Pictures with short captions
※

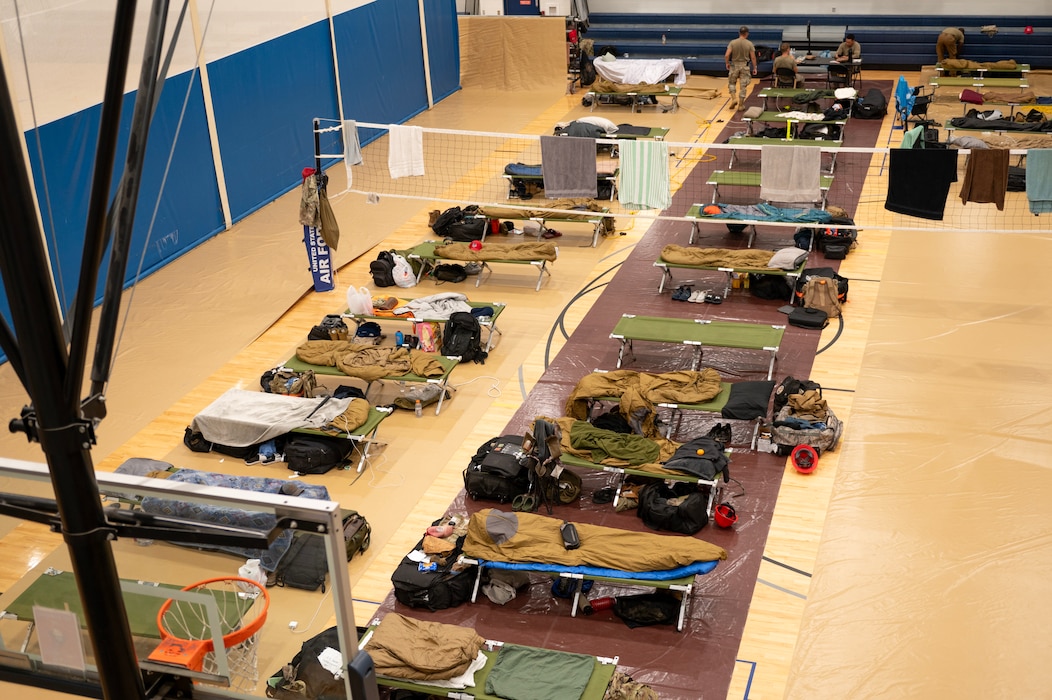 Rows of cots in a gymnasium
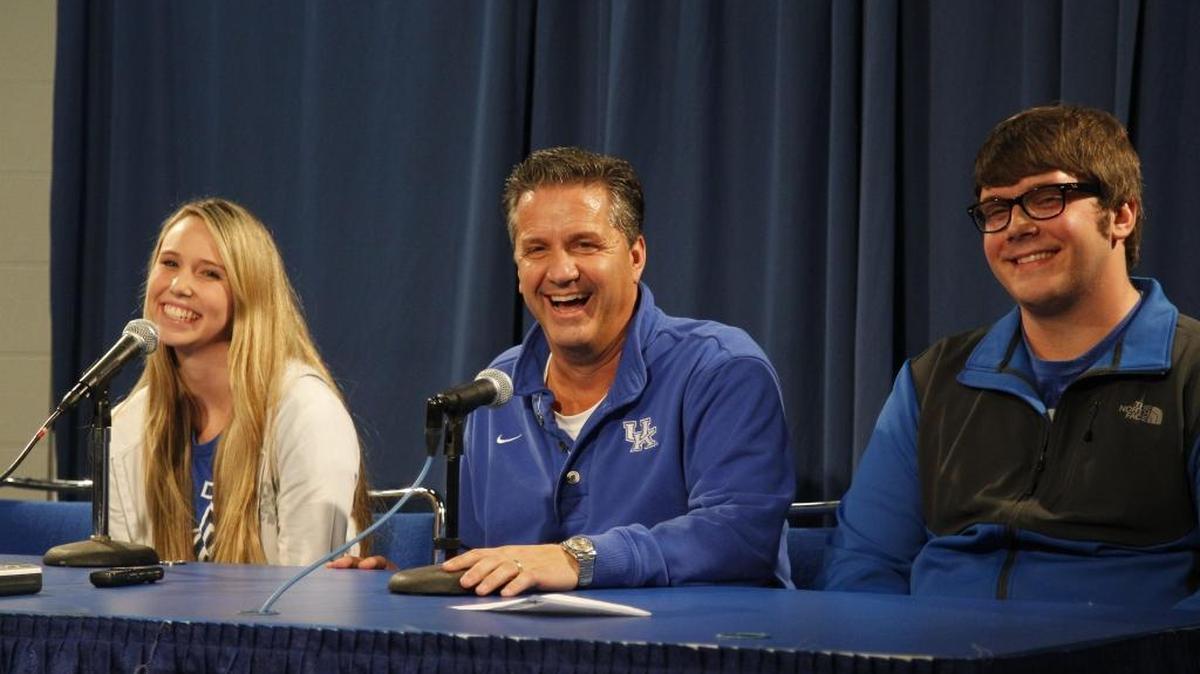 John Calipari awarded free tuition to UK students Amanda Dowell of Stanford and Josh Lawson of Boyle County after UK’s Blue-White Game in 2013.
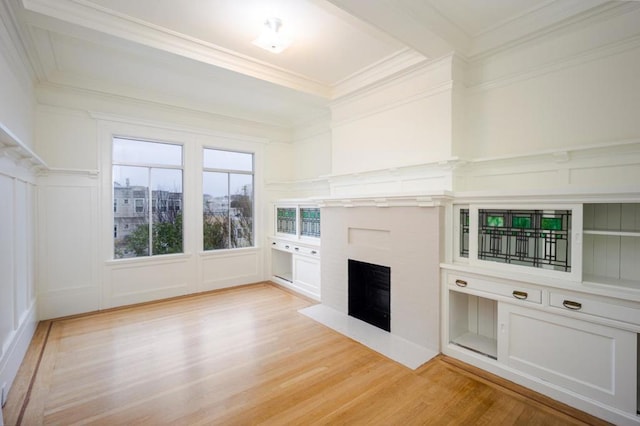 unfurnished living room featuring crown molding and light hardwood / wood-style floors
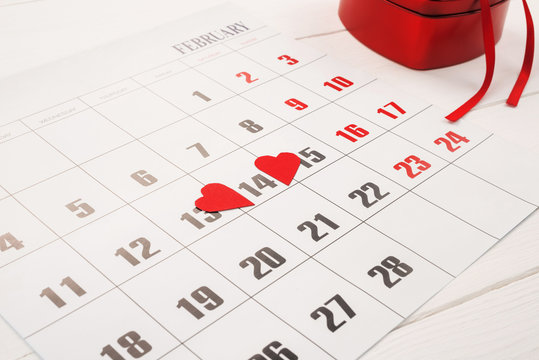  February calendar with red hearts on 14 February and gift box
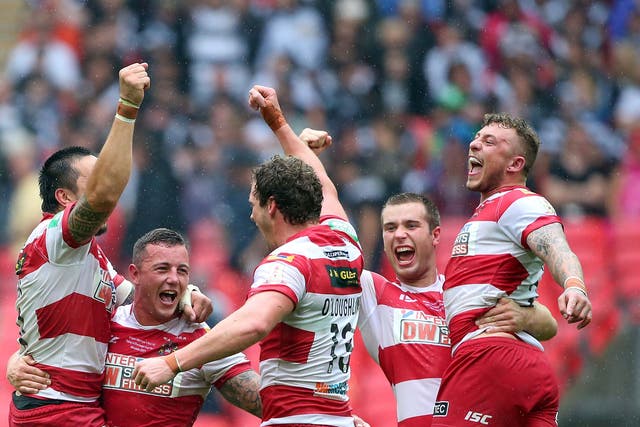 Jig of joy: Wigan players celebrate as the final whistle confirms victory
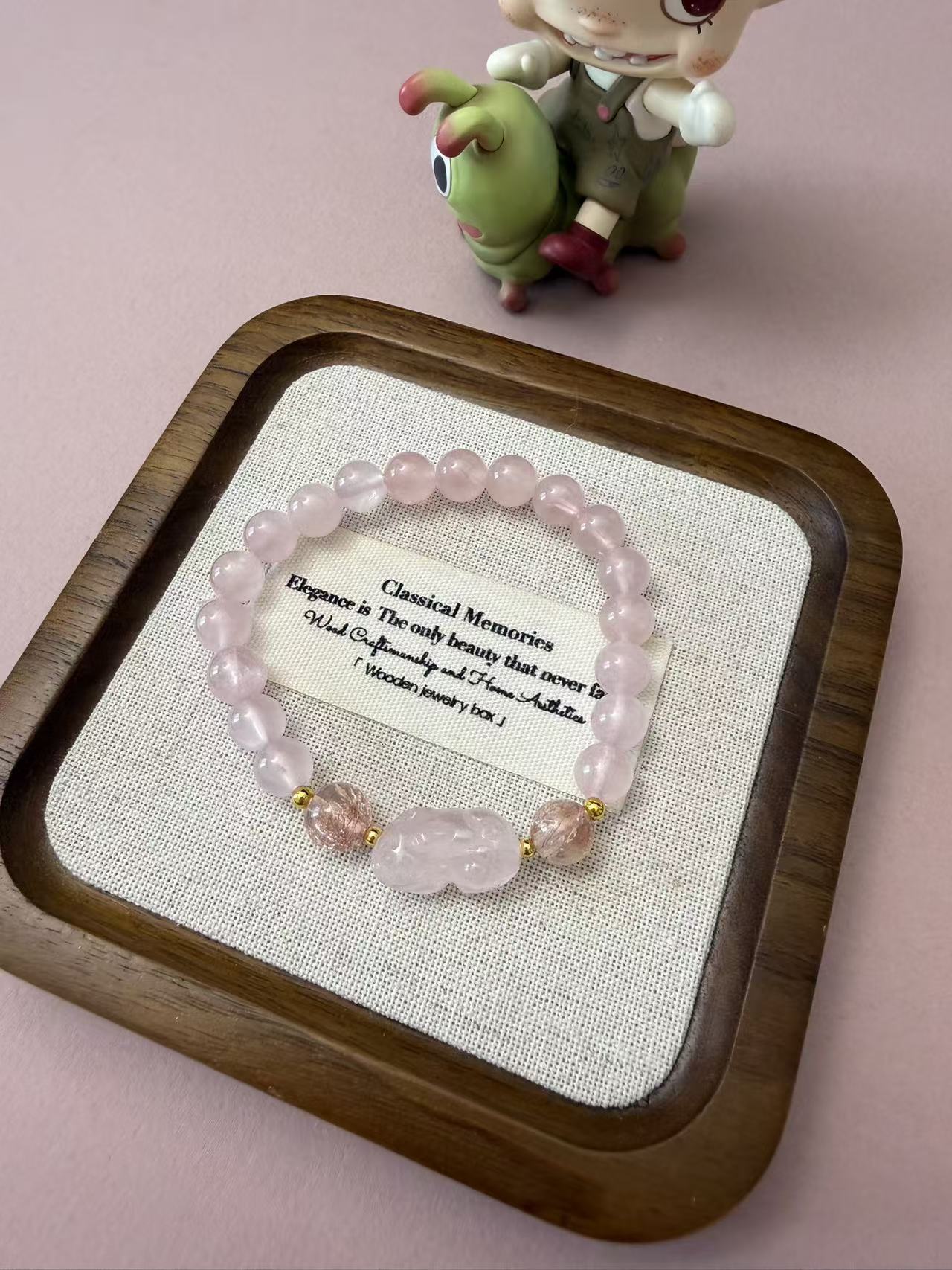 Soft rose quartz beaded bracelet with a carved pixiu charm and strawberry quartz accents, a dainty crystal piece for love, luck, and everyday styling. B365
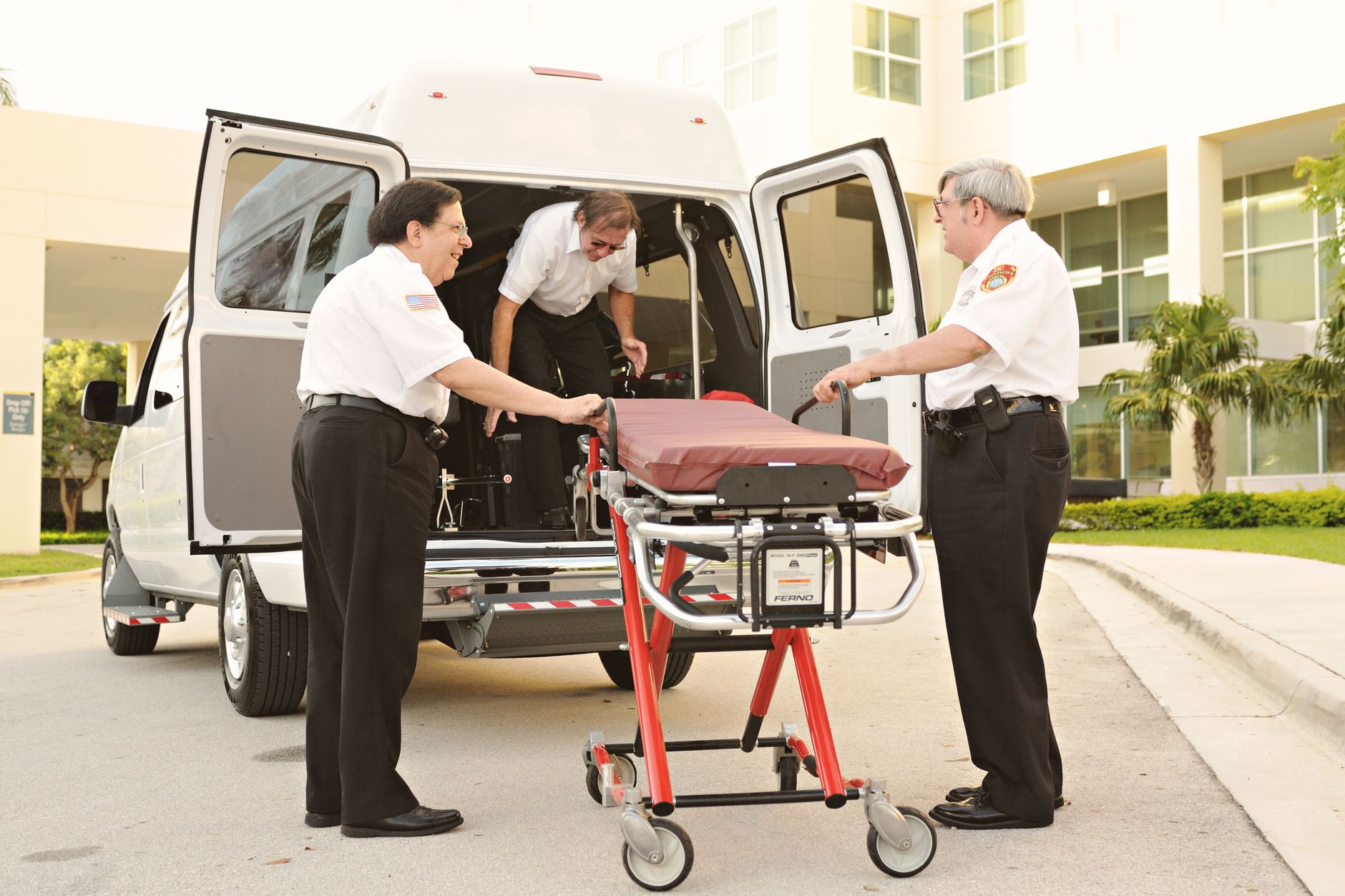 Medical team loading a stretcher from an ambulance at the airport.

※

## Requirement
None of the pictures belong in the result. Print exactly the lines from the one containing "unfurnished living room" through the final line of the entries.

## Task solution
 unfurnished living room featuring crown molding and light hardwood / wood-style floors
  February calendar with red hearts on 14 February and gift box
 Jig of joy: Wigan players celebrate as the final whistle confirms victory
 Soft rose quartz beaded bracelet with a carved pixiu charm and strawberry quartz accents, a dainty crystal piece for love, luck, and everyday styling. B365
 Medical team loading a stretcher from an ambulance at the airport.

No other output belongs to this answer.